Я показал снимки Марине. Для нее это был тяжелый удар. Впрочем, и для меня тоже. Мало того, что это означало повторную операцию без наркоза на открытом мозге, так еще это новообразование грозило оказаться более агрессивным и отнять у нас шанс на благополучное излечение.
И снова операционная. Монитор на стене показывает фото, сделанные мной в прошлый раз, с россыпями белых и красных конфетти, отображающих изначальную топографию речевой зоны: целый архипелаг из мозговой ткани, отвечающей за речевую функцию, где некоторое количество островков незначимы, зато важность других неоценима. Однако этой карте я уже не мог доверять. Не подлежит сомнению, что в ответ на хирургическое вмешательство речевые области в мозге перестроились.
Не исключено, что перед Мариной встанет тяжелый выбор: на этот раз для доступа к опухоли мне могло понадобиться рассечь мозговую ткань на критических для речи участках. Вопрос, какой из двух ее языков примет удар?
С помощью биопсийной иглы я взял образец опухоли и направил на анализ в лабораторию, расположенную в подвальном этаже клиники, чтобы быстро определить степень ее злокачественности. Затем мучительные полчаса мы дожидались ответа патологов. Наконец позвонили из лаборатории, и медсестра поднесла трубку мне к уху. Снова вторая степень! И это означало, что вторая попытка добиться GTR – полного тотального удаления – вполне осуществима!

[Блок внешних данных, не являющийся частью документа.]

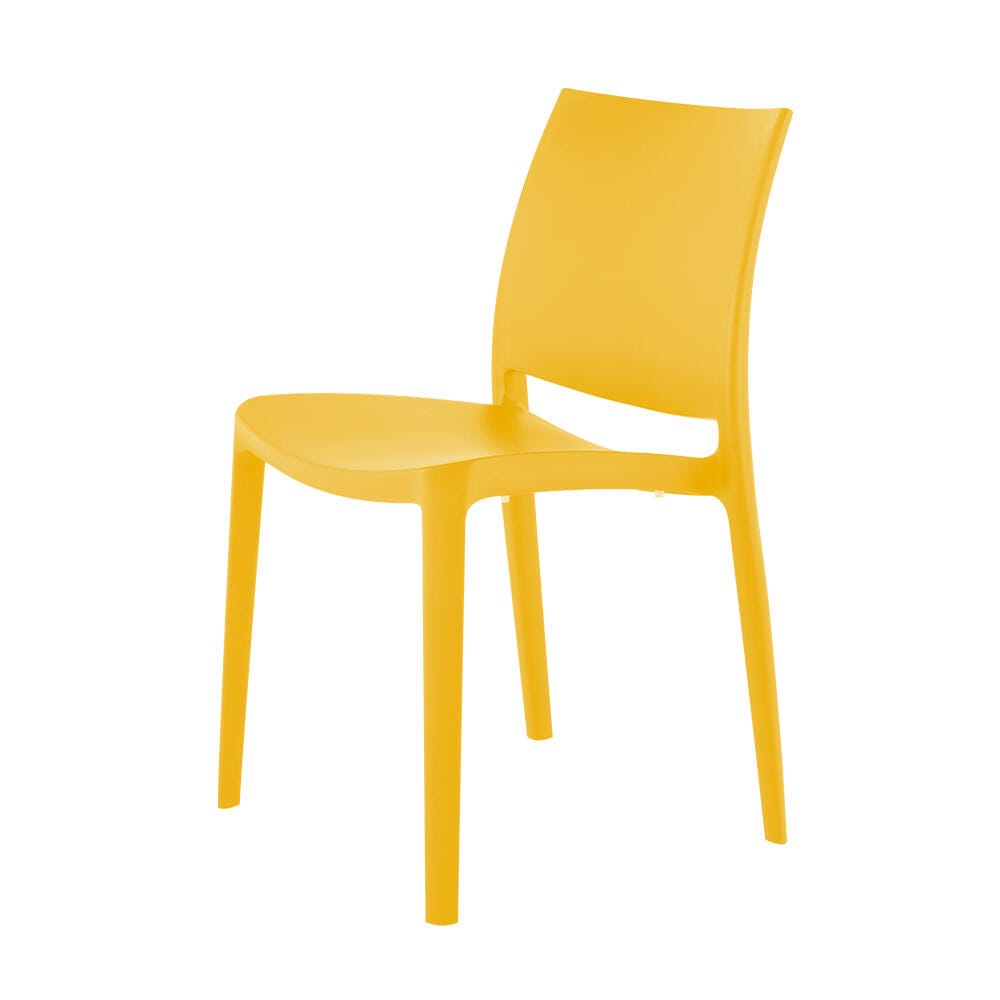 Sensilla Outdoor Dining Chair (Set of 4), Gold, large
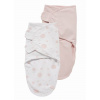 Meyco zavinovačka Uni 0-3 mesiace 2ks Varianta: Dots Pink/Light Pink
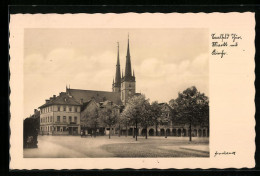 AK Saalfeld /Th., Markt Und Kirche  - Saalfeld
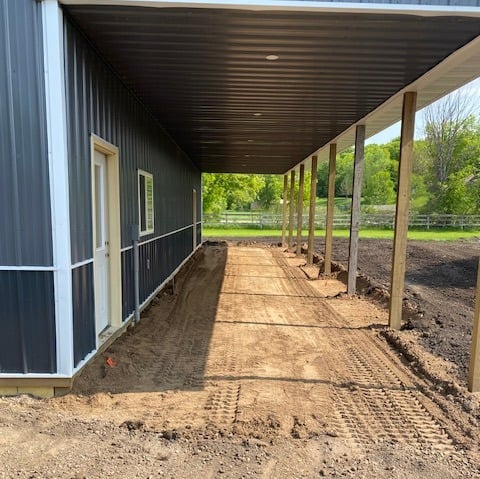 shed pad site grading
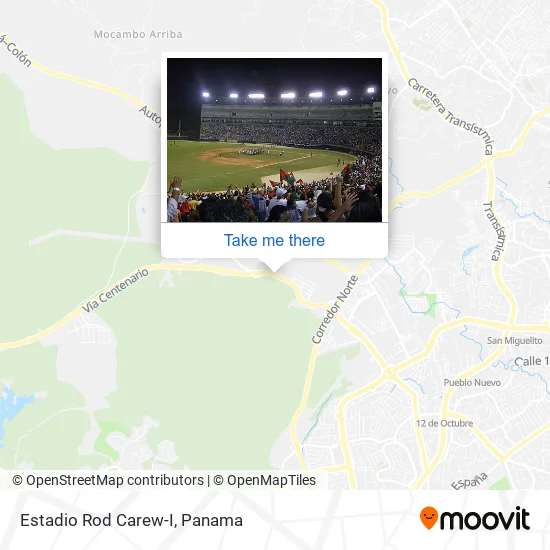 Estadio Rod Carew-I map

Мы повторили процедуру картирования мозга. Установили, что английский язык заселил пучок мозговой ткани, где раньше обитали «испанские» нейроны. А участок коры, который прежде не отвечал за речевую функцию, приобрел критическое значение для беглости речи. Осталось и меньше участков, которые я с уверенностью мог бы пометить белым конфетти. Да, и не забывайте: одно неверное движение, из-за чего скальпель заденет крохотный, шириной не более 3 мм участочек коры, может лишить Марину способности владеть одним из ее двух языков.
Я надеялся, что один первоначальный разрез подарит мне возможность полностью удалить опухоль. Однако по опыту знаю, что иногда требуется еще несколько «окон доступа». И это ставило Марину, а она по профессии преподаватель английского языка, перед выбором почти невозможным. Готова ли она заплатить за полное удаление опухоли своим английским языком? А поскольку родным для нее был испанский, в случае, если ответственная за него область коры будет повреждена, Марина рисковала утратить оба свои языка и навсегда онеметь. На такой риск ни я, ни она пойти просто не могли. Подобного осложнения категорически нельзя было допускать.